Finance minister Tito Mboweni. REUTERS/Sumaya Hisham
Finance minister Tito Mboweni. REUTERS/Sumaya Hisham

Though there is a range of economic data due, it is the medium-term budget policy statement on Wednesday that will take centre stage, followed by a scheduled review from credit ratings agency Moody’s Investors Service on Friday.  

The 2019 medium-term budget has taken on added significance as economic growth has disappointed and the government has increased spending on parastatals, notably power utility Eskom, while the SA Revenue Service struggles to achieve tax collection targets thanks to poor growth and a legacy of governance problems. 

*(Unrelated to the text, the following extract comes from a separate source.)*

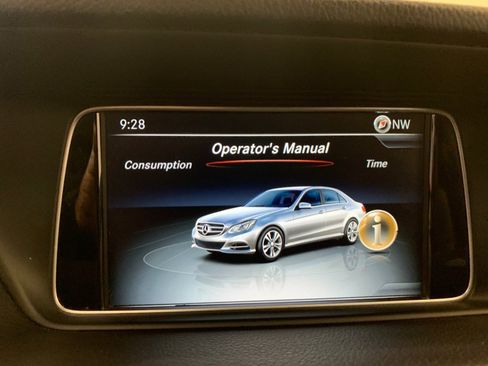 Used 2016 Mercedes-Benz E 350 4MATIC Sedan image 26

On Wednesday finance minister Tito Mboweni will detail the full effect that the additional R59bn financial support for Eskom, announced in July, will have on the government’s finances, including its borrowing levels. It is anticipated that Mboweni will include more details on how to restructure Eskom’s debt, while the naming of a new CEO for the utility has been promised by the end of October.

Expectations from economists are that fiscal metrics, which are closely watched by ratings agencies and investors to gauge financial sustainability, will have worsened since February.

The government’s deficit is expected to rise to close to 6% of GDP, well above February’s forecast of 4.7%. Government debt to GDP is expected to be upwards of 58%, up from February’s forecast of 56.2%. The Treasury is also expected to revise down its economic growth forecast for the year from 1.5% to somewhere closer to that of the Reserve Bank, which is 0.6%.

“Years of poor management ... and state capture, aggravated by weak economic growth, will have a detrimental impact on SA’s fiscal scenario in the medium term,” said NKC Africa economist Elize Kruger.

The “significant underperformance” of the economy relative to projections in February will most likely result in a notable revenue shortfall, a growing budget deficit and higher government debt levels this year and beyond, she said. 

A clearer picture of the extent of undercollections on revenue is going to emerge. According to Momentum Investments, the shortfall for the current 2019/2020 fiscal year could come in at about R50bn against February’s forecast, while Intellidex puts this at an estimated R60bn.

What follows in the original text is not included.